***** Raw data
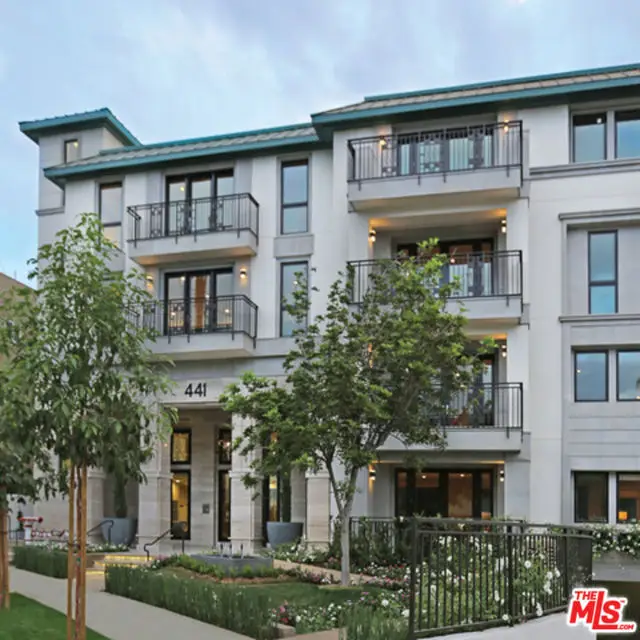 441 S Barrington Avenue #105, Los Angeles, CA 90049 - #2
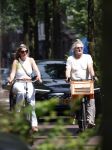 Amsterdam 18 juli 2024
Victor Reinier en zijn vriend op terras en ndaarna fietsend naar zijn huis in Amsterdam zuid..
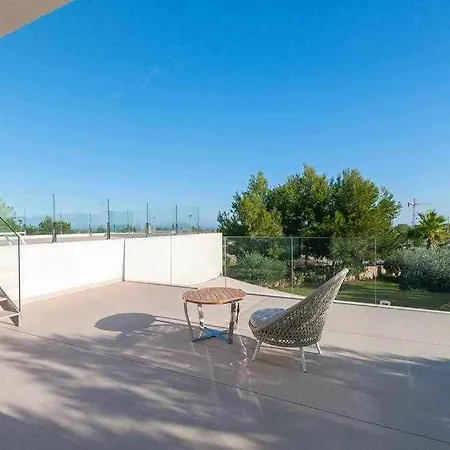 Moderna Con La Piscina Climatizada Colinas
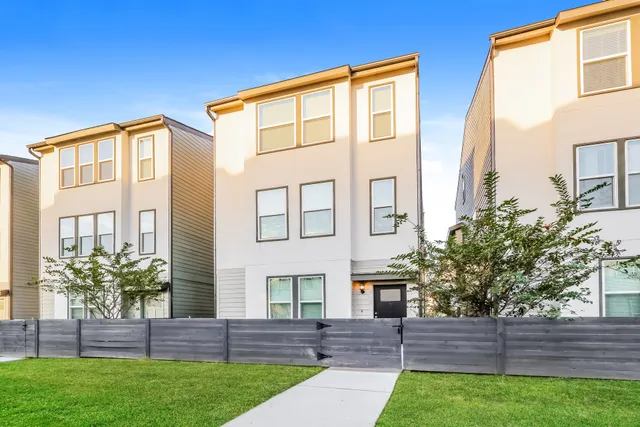 $2,090 | 18427 Idyllic Alley, Shenandoah, TX 77385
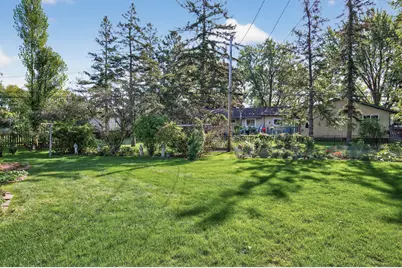 2460 Xylon Avenue N, Golden Valley, MN 55427 - Photo 8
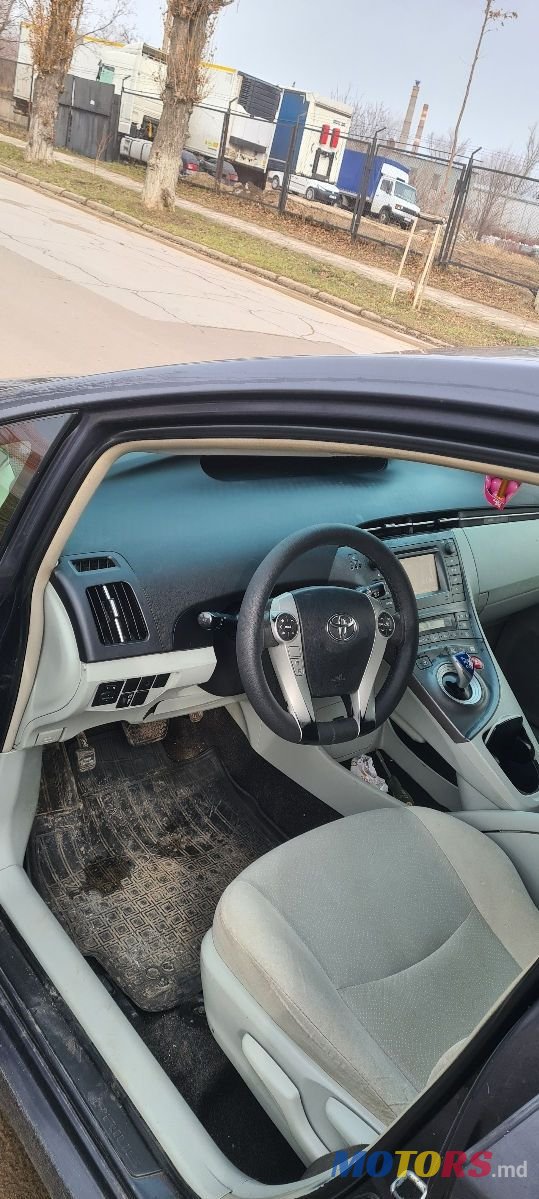 2012' Toyota Prius photo #3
**********
◆ **Try it**
Take the records above from the line with "Shenandoah, TX 77385" down to their last line and please copy those lines exactly, without the pictures.

◆ **Result of the exercise**
 $2,090 | 18427 Idyllic Alley, Shenandoah, TX 77385
 2460 Xylon Avenue N, Golden Valley, MN 55427 - Photo 8
 2012' Toyota Prius photo #3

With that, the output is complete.